_The problem:_ Reproduce all the records word for word. Omit images.

=== Begin Enclosure ===

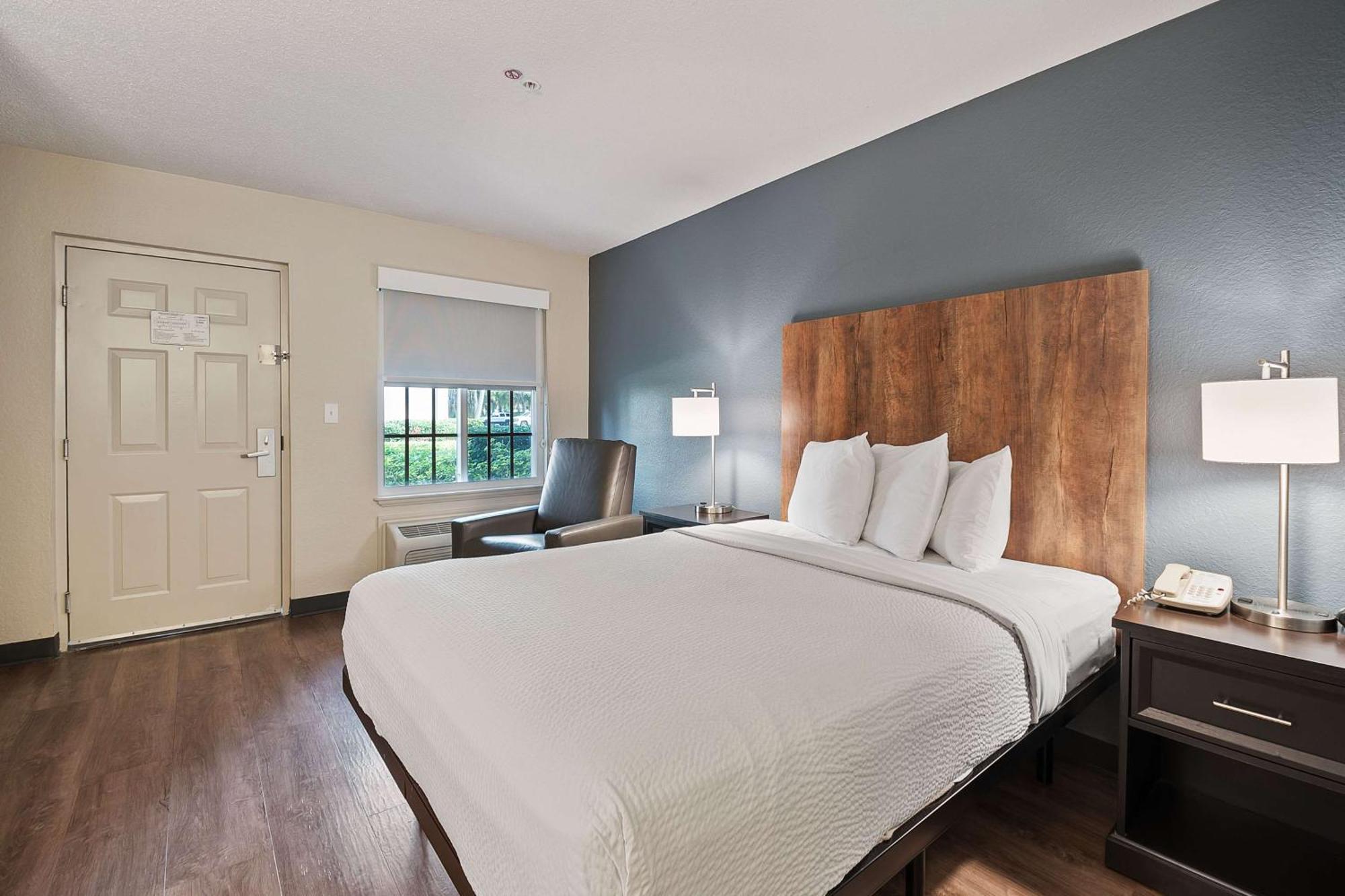 Extended Stay America Suites - Miami - Airport - Blue Lagoon Esterno foto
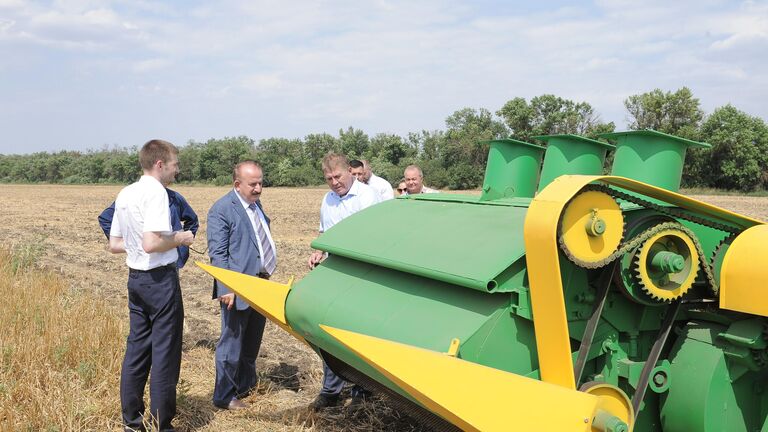 Новый агрегат для уборки урожая методом очеса на корню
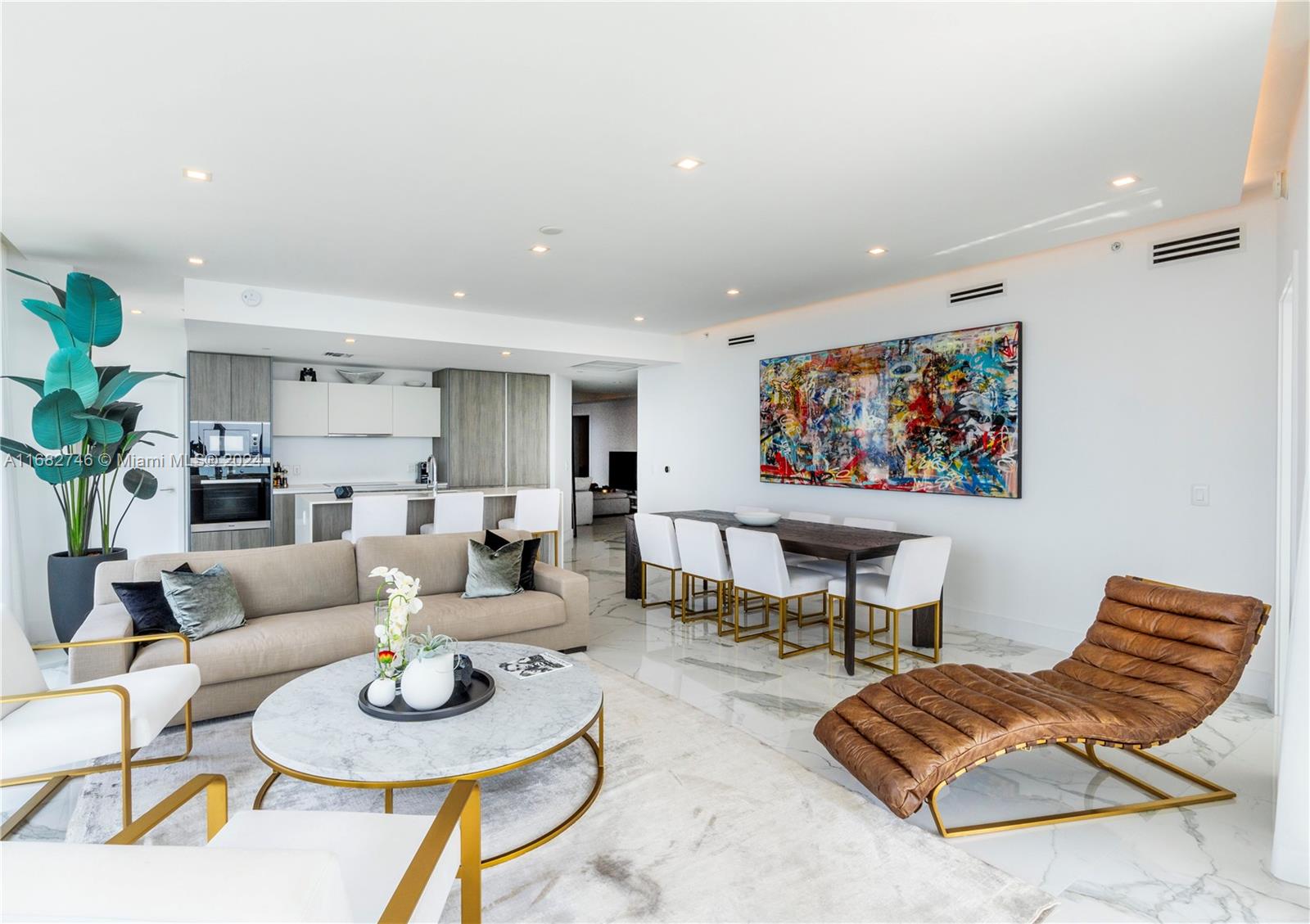 2900 NE 7th Ave # 4007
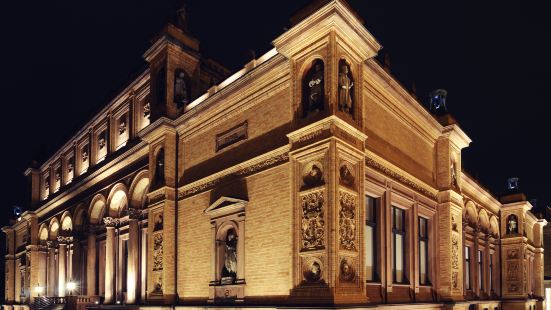 市立美術館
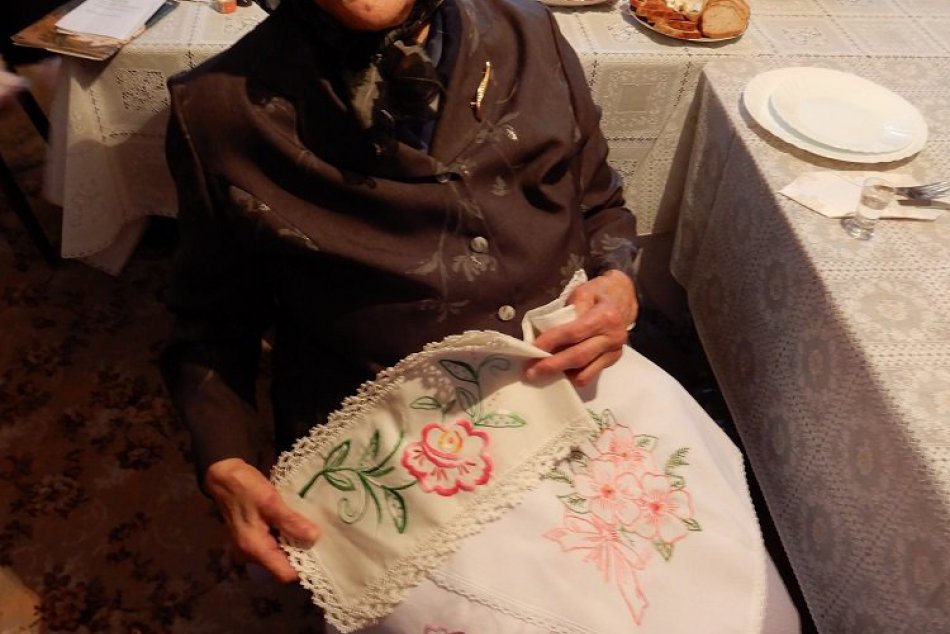 Kreslí či vyšíva aj dnes: Pani Anna z Ohradzian oslávila 100. narodeniny, FOTO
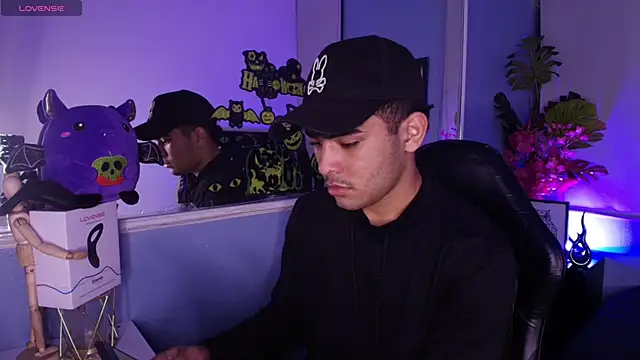 LucasCarterr  online show from October 2025 04:41:02 AM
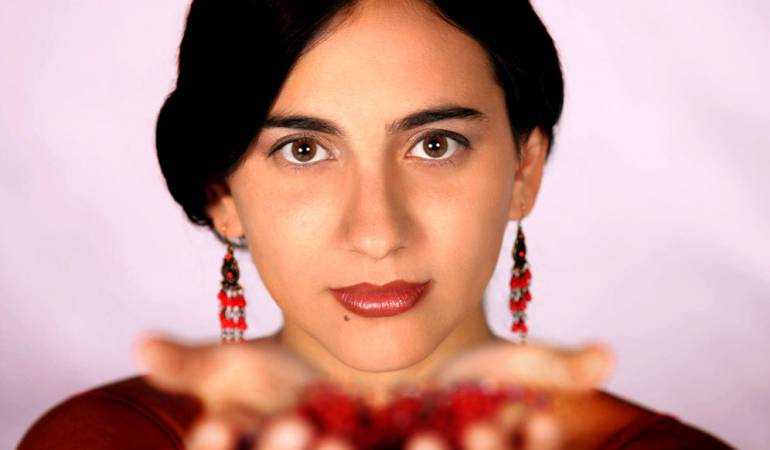 Con su música que sale del alma.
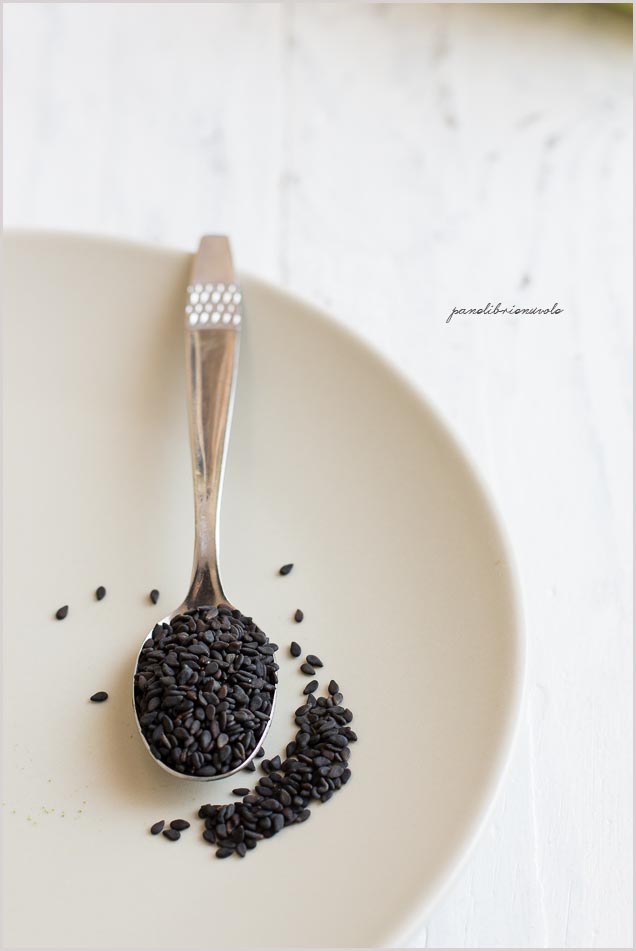 Sesamo nero: proprietà, utilizzi e ricette di questo superfood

=== End Enclosure ===

_Final answer:_
 Extended Stay America Suites - Miami - Airport - Blue Lagoon Esterno foto
 Новый агрегат для уборки урожая методом очеса на корню
 2900 NE 7th Ave # 4007
 市立美術館
 Kreslí či vyšíva aj dnes: Pani Anna z Ohradzian oslávila 100. narodeniny, FOTO
 LucasCarterr  online show from October 2025 04:41:02 AM
 Con su música que sale del alma.
 Sesamo nero: proprietà, utilizzi e ricette di questo superfood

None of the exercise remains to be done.